# Vibrating Platforms Anyone Own One?



## fmdog44 (Sep 26, 2020)

I just checked in to them after seeing the add on the tube for them. I thought they were a scam but apparently not. The more I think bout them the more interested I get. Vibration has always been good for me for pain relief and relaxation.


----------



## jujube (Sep 26, 2020)

I tried one at a show once and if it hadn't been so darned expensive I might have considered getting one.

The salesman had me bend over and try to touch my toes (um, yeah, I touched my shins...I figure if God wanted me to touch my toes, he could have put them on my knees.....) and then I did a session on the machine.  He told me to try to touch my toes again and I COULD without much effort!  

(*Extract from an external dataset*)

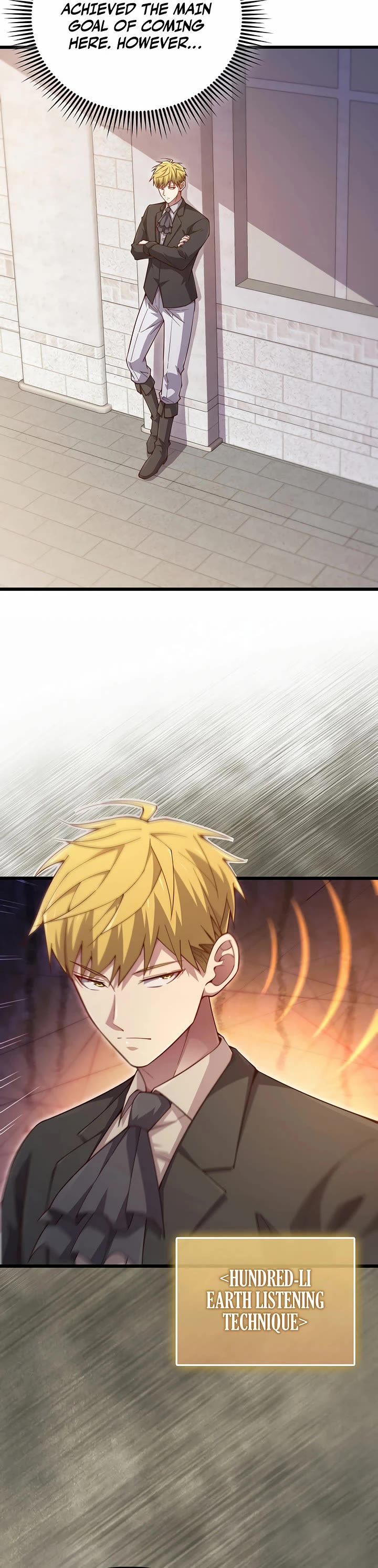 The Lord's Coins Aren't Decreasing?! Chapter 155 page 17 - Chapter 155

So, they do work, at least for me.


----------



## fmdog44 (Sep 26, 2020)

jujube said:


> I tried one at a show once and if it hadn't been so darned expensive I might have considered getting one.
> 
> The salesman had me bend over and try to touch my toes (um, yeah, I touched my shins...I figure if God wanted me to touch my toes, he could have put them on my knees.....) and then I did a session on the machine.  He told me to try to touch my toes again and I COULD without much effort!
> 
> So, they do work, at least for me.


WOW!


----------



## Pappy (Sep 26, 2020)

Ivvvveee gggooott ooonnne. Wwwoorrkkks ggoodddd.


----------



## win231 (Sep 26, 2020)

jujube said:


> I tried one at a show once and if it hadn't been so darned expensive I might have considered getting one.
> 
> The salesman had me bend over and try to touch my toes (um, yeah, I touched my shins...I figure if God wanted me to touch my toes, he could have put them on my knees.....) and then I did a session on the machine.  He told me to try to touch my toes again and I COULD without much effort!
> 
> So, they do work, at least for me.


HAHA.  During an interview with Joan Rivers, she was asked if she exercises.  She replied, "No.  If God wanted me to bend down, he would have put diamonds on the floor."


----------



## win231 (Sep 26, 2020)

I thought this was in reference to a vibrating platform for exercise they've been advertising.
I think it works for pain relief by creating a distraction that confuses the nervous system.


----------



## Pappy (Sep 26, 2020)

To be honest, mine is a hand held vibrator that comes with different heads for different places. I use it a lot on my chest to loosen flem.


----------